EXERCISE MATERIAL:
- Opening Delimiter -
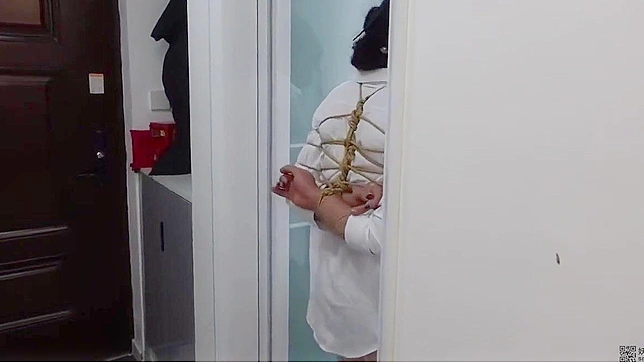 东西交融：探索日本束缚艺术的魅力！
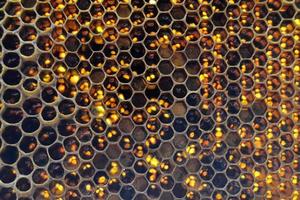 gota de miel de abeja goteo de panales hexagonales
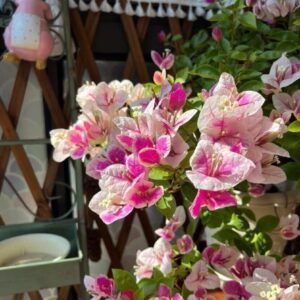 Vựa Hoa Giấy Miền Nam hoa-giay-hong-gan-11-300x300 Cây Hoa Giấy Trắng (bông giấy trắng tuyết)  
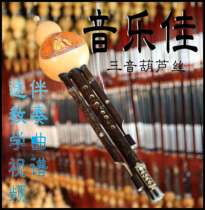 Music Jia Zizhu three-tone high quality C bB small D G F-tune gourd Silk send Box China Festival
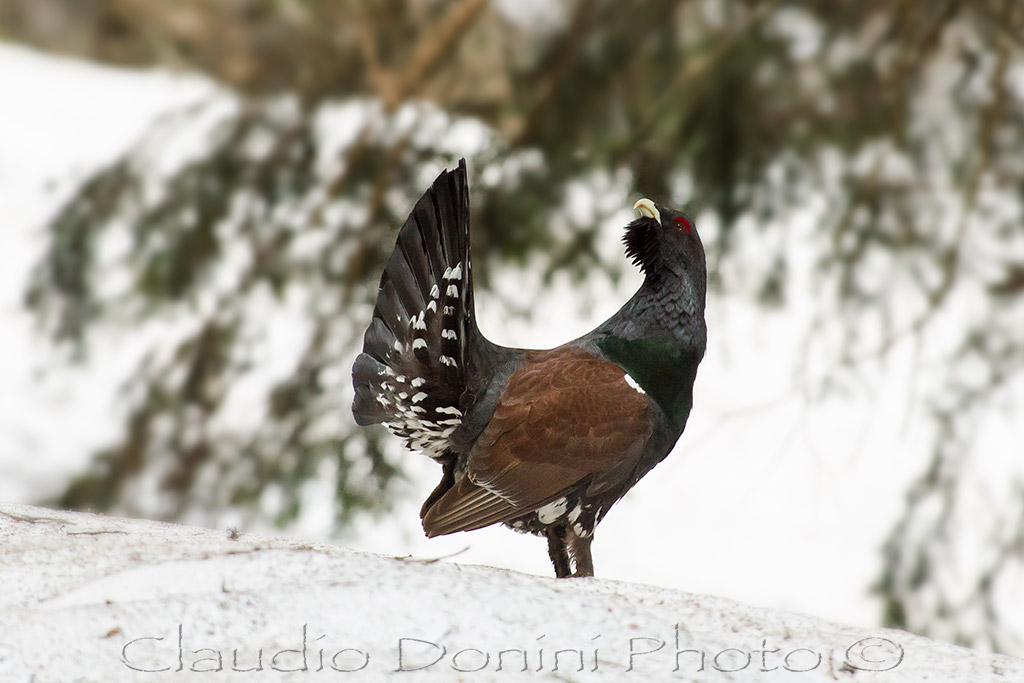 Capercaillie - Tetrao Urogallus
- Closing Delimiter -
- Opening Delimiter -
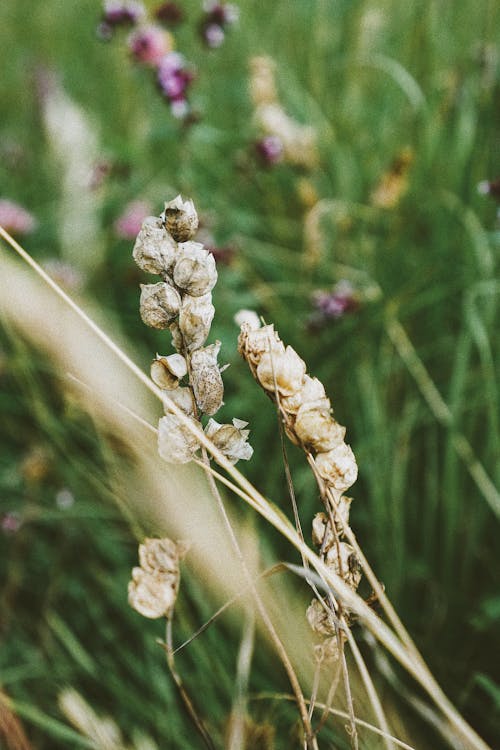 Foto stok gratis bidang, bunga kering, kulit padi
- Closing Delimiter -
- Opening Delimiter -
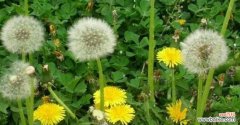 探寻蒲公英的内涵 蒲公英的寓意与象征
- Closing Delimiter -
INSTRUCTIONS FOR THE TASK: Taking the entries above, extract every line from the one bearing "东西交融：探索日本束缚艺术的魅力！" through the one bearing "Capercaillie - Tetrao Urogallus", exactly, with no pictures.

ANSWER FOR THIS EXERCISE:
 东西交融：探索日本束缚艺术的魅力！
 gota de miel de abeja goteo de panales hexagonales
 Vựa Hoa Giấy Miền Nam hoa-giay-hong-gan-11-300x300 Cây Hoa Giấy Trắng (bông giấy trắng tuyết)  
 Music Jia Zizhu three-tone high quality C bB small D G F-tune gourd Silk send Box China Festival
 Capercaillie - Tetrao Urogallus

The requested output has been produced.